__GIVEN INFORMATION__
════════════════

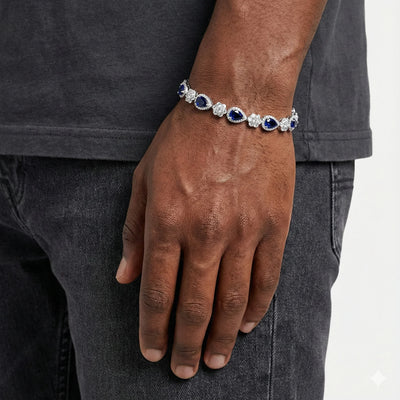 Blue Blossom Drop Bracelet - Silver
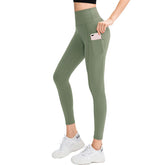 High Waisted Leggings for Women Stretchy Soft Yoga Pants with Pockets-Green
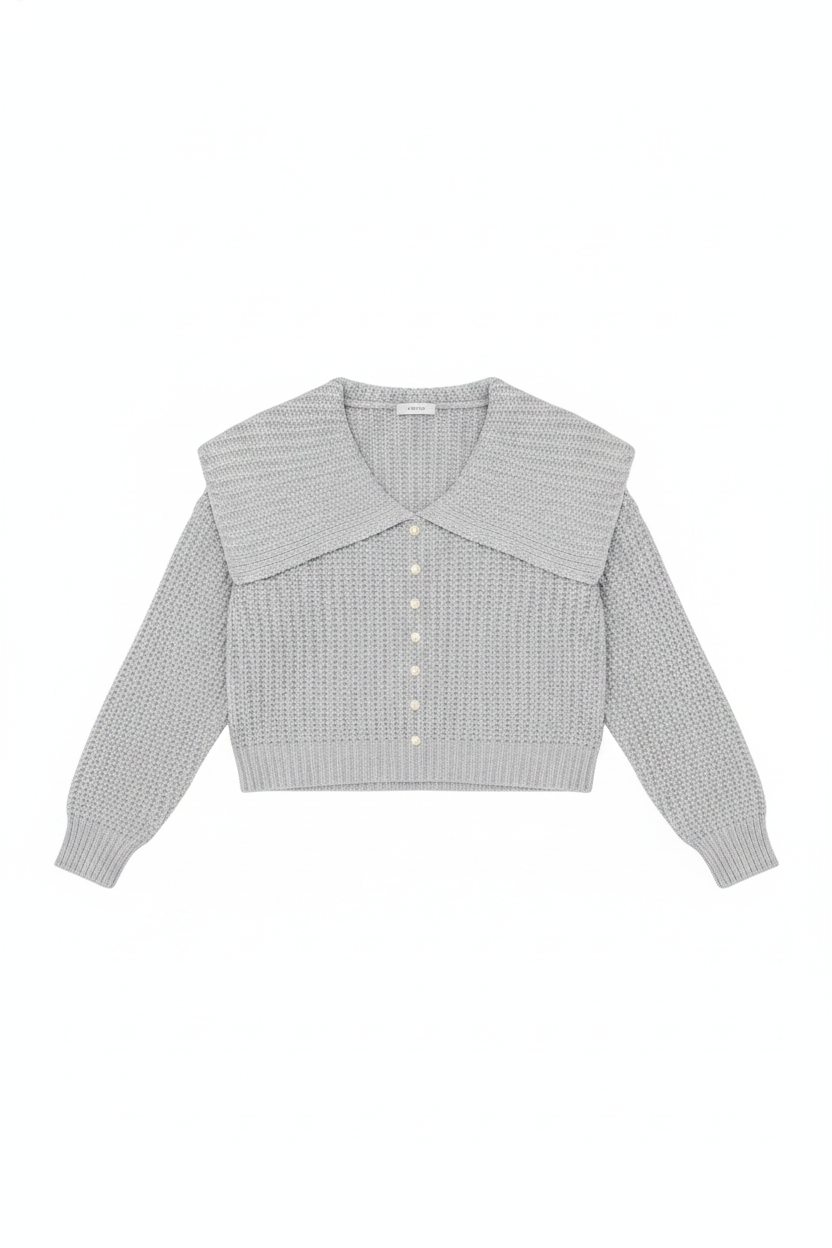 Chunky Knit Wide Collar Pearl Button Cardigan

════════════════

__WHAT YOU NEED TO DO__
If a picture appears in the data, omit it; transcribe all the rest exactly.

__REPLY__
 Blue Blossom Drop Bracelet - Silver
 High Waisted Leggings for Women Stretchy Soft Yoga Pants with Pockets-Green
 Chunky Knit Wide Collar Pearl Button Cardigan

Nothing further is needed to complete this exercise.